Santander Data Masters Banner — Source: (free to use)

The Bank and The Program

The Santander Group is a global banking group, led by Banco Santander S.A., the largest bank in the euro area. It has its origin in Santander, Cantabria, Spain. The Data Master program was created as part of their empowerment culture.

Santander Data Masters — Data Science Path is a learning and certification program provided by Academia Santander, the corporate university. The program consists of a mix of training and competition, where Santander University provides the content and selects the best participants.

The competition

The program has 3 evaluation phases, which are:

  • Phase 1: the candidates must take the Cultural Fit, General Knowledge and Logic Reasoning assessments. In this phase, there were about 3200 candidates and only 100 were selected.
  • Phase 2: the candidates have 33 days to study all material selected by Santander Academy. In the end, there is a technical assessment and a performance over 50% is needed to get certified.
  • Phase 3: the top 3 participants receive the opportunity to develop a Project provided by Santander and join a mentorship session with Santander staff.

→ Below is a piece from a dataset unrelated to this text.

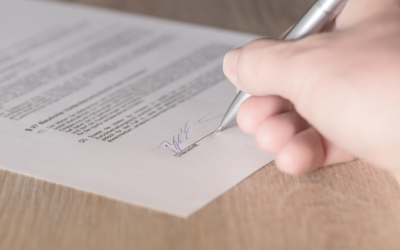 What are the Different Types of Legal Documents?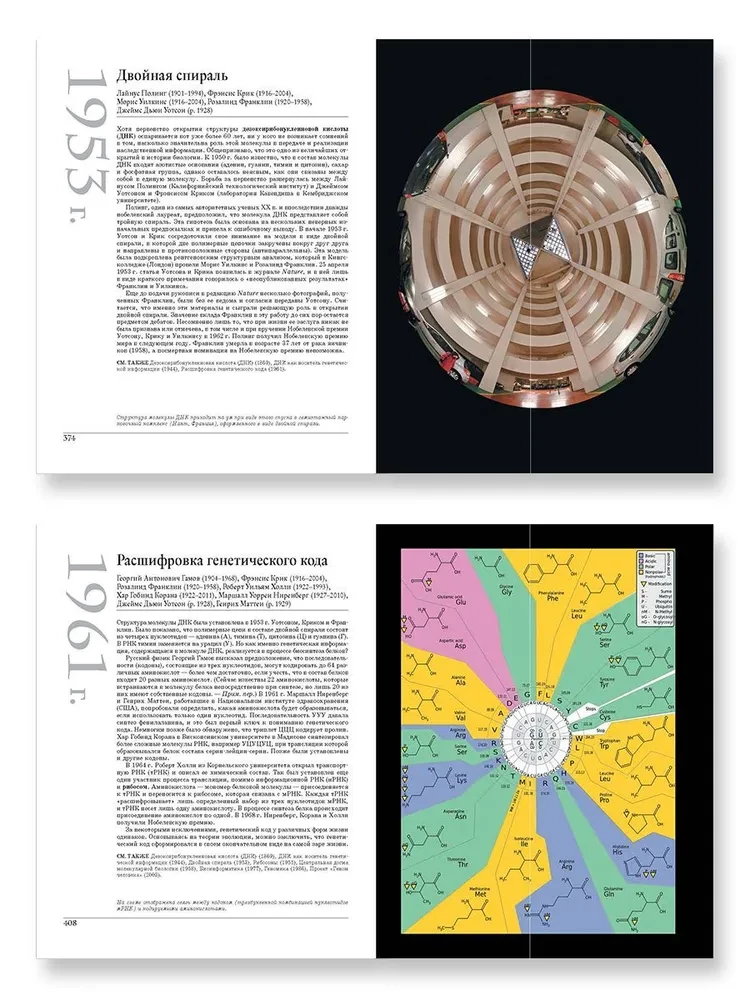 Великая биология. От происхождения жизни до эпигенетики. 250 основных вех в истории биологии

So you can imagine that from the beginning everyone wants to win in order to receive that mentorship and the opportunity to work in a real-world project. And so was I!

Learning & Hard Skills

This part is what makes the program so special. Instead of just keeping the old competition format, where a problem is set and everyone tries to come out with an overfitted solution, Data Masters focus on how well you can learn the most important hard skills in order to be a very good data scientist!

After selecting the 100 participants, they provided a structured learning material covering the most important knowledge and skills that a data scientist should have. All participants had 40 days to learn the most they could about the following HARD SKILLS:

  • Probability and Statistics: from basics to advanced concepts;
  • SQL and NoSQL;
  • Big Data concepts and applications;
  • Programming;
  • Regression: Linear, Multiple, Ridge & Lasso, Variable Selection
  • Classification: Logistic Regression, Decision Tree, Random Forest and Naive Bayes;
  • Clustering: K-means, Hierarchical Clustering (divisive and agglomerative), Latent Dirichlet Allocation;
  • Performance Metrics.

3 Critical Soft Skills to WIN

As you may think, to overcome 3200 competitors and win this competition demands something out of the box. That is exactly what I thought and would like to share! So let’s go.

1. Synergy

“Connecting the dots” as Steve Jobs would call it.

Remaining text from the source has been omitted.